Menunggu Hujan Reda Di Rumah Ibu Temanku, Lalu Kuhardik Dia Dengan Ganas!

“Aku masuk ya…!” pintaku dari luar sambil membuka pintu. Bokep indo viral Masa itu masa awal kenalanku, masa awal naluri lelakiku bermain. “Masa sih..!” kata Marlena sambil berputar bergaya seperti peragawati. “Terus kita mau ngapain nih…?” ungkap Marlena heran sambil menunggingkan pantatnya persis kearah kontolku yang tegang luar biasa.
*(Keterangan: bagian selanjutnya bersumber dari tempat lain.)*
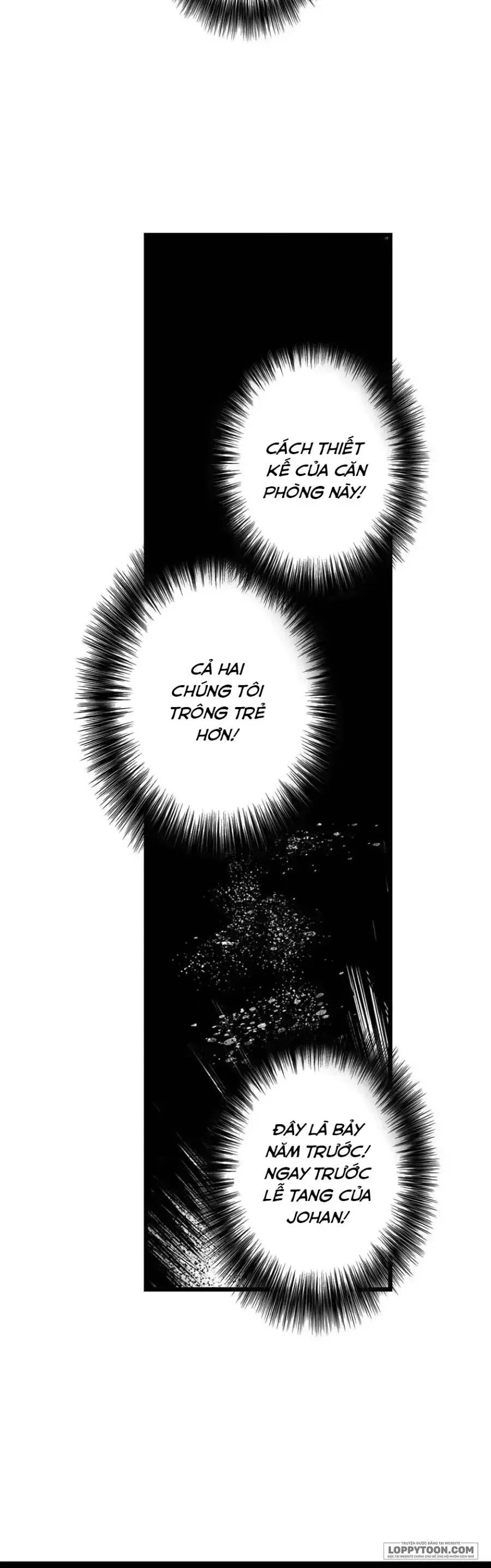 Câu Chuyện Cổ Tích Người Mẹ Kế Chapter 3 - Trang 44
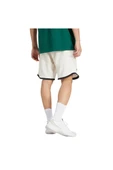 adidas Erkek  Beyaz  Şort HERITAGE SHORT JC9292 - 4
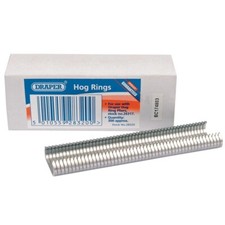 DRAPER HOG RINGS STOCK NO: 28320 PART NO: HR300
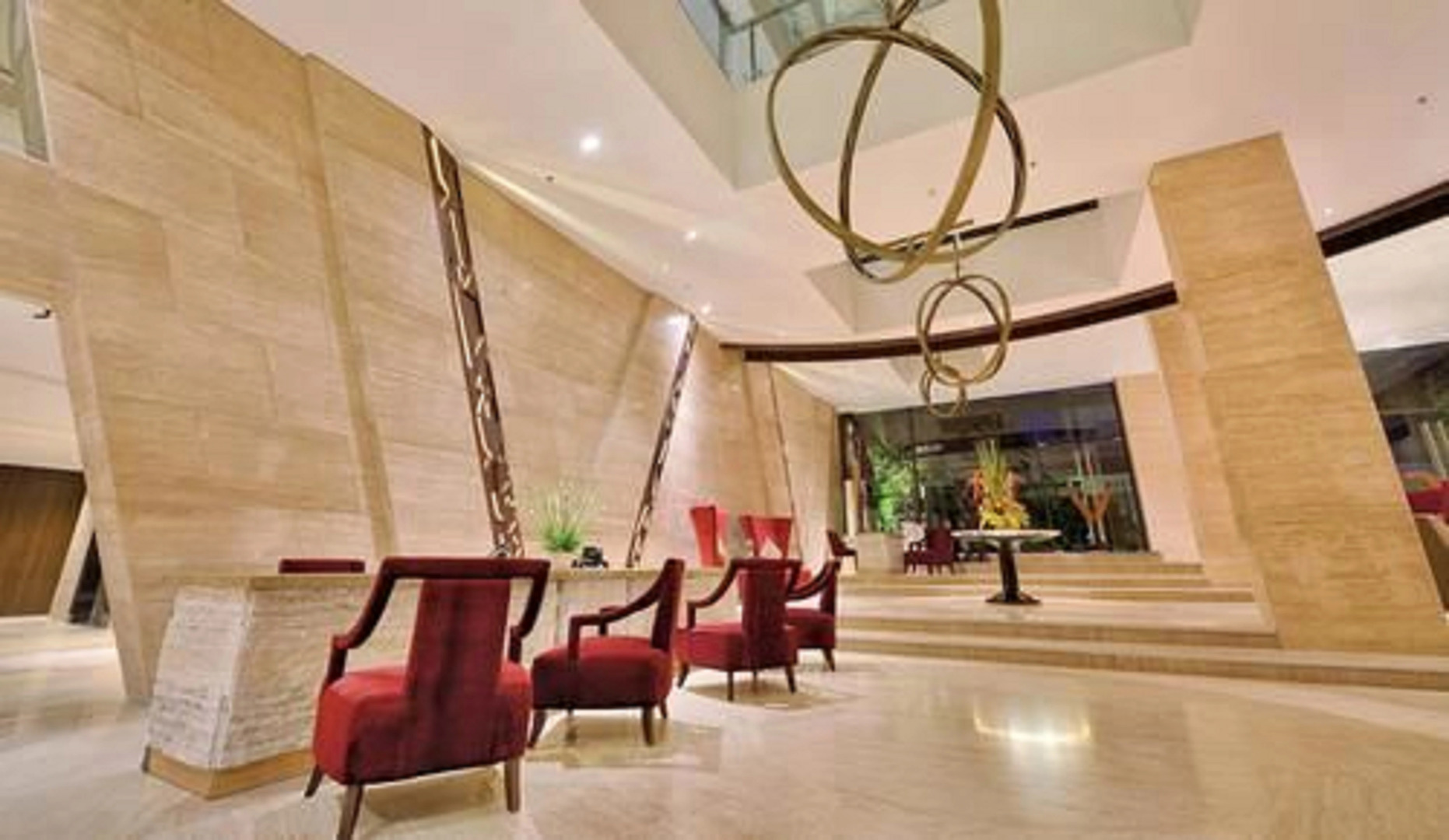 Photo - de Vins Sky Hotel Seminyak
Sekembali mengunci pintu gerbang depan, kulihat Marlena masih di kamar itu menunggu dengan malu-malu, tapi juga penasaran. “Kamu nggak marahkan kalau besok-besok aku pengen seperti ini lagi..?” pintaku pada Marlena. “Apa sih rasanya….emang enak…ya…?” tanya Marlena, heran. “Terus kita mau ngapain nih…?” ungkap Marlena heran sambil menunggingkan pantatnya persis kearah kontolku yang tegang luar biasa. “Aku boleh bilang sesuatu nggak Len…?” tanyaku agak ragu padanya. Masa itu masa awal kenalanku, masa awal naluri lelakiku bermain. “Aku janji nggak ngapa-ngapain….sungguh..!” janjiku padanya. “Ya udah cepetan ah…yang enggak-enggak aja sih…” ungkapnya agak genit sambil berdiri membelakangiku. Lama kelamaan memek Marlena mulai basah, semakin licin terasa pada gesekkan batang kontolku di belahan memek Marlena, nafsu birahiku semakin tinggi, darahku rasanya mengalir cepat keseluruh tubuhku, seiring dengan degup jantungku yang makin cepat. Marlenapun menurunkan daster mininya sambil mengusapkannya ke selangkangannya yang belepotan dengan air maniku, lalu dipakainya kembali celana dalamnya yang kulepas tadi. “Kamu mau lihat nggak Len…?” tanyaku padanya.

Menunggu Hujan Reda Di Rumah Ibu Temanku, Lalu Kuhardik Dia Dengan Ganas!